Copy out each line in the material below that has the word "with".

**GIVEN RECORDS:**
:::::

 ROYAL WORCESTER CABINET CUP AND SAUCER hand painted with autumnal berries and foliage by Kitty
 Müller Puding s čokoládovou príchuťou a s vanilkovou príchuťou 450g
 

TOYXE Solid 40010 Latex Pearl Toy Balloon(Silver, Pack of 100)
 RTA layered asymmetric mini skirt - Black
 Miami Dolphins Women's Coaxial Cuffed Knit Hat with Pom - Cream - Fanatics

:::::

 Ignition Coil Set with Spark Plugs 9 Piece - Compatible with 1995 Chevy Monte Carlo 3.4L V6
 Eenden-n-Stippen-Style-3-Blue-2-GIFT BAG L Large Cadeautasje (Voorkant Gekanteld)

:::::

**TASK ANSWER:**
 ROYAL WORCESTER CABINET CUP AND SAUCER hand painted with autumnal berries and foliage by Kitty
 Miami Dolphins Women's Coaxial Cuffed Knit Hat with Pom - Cream - Fanatics
 Ignition Coil Set with Spark Plugs 9 Piece - Compatible with 1995 Chevy Monte Carlo 3.4L V6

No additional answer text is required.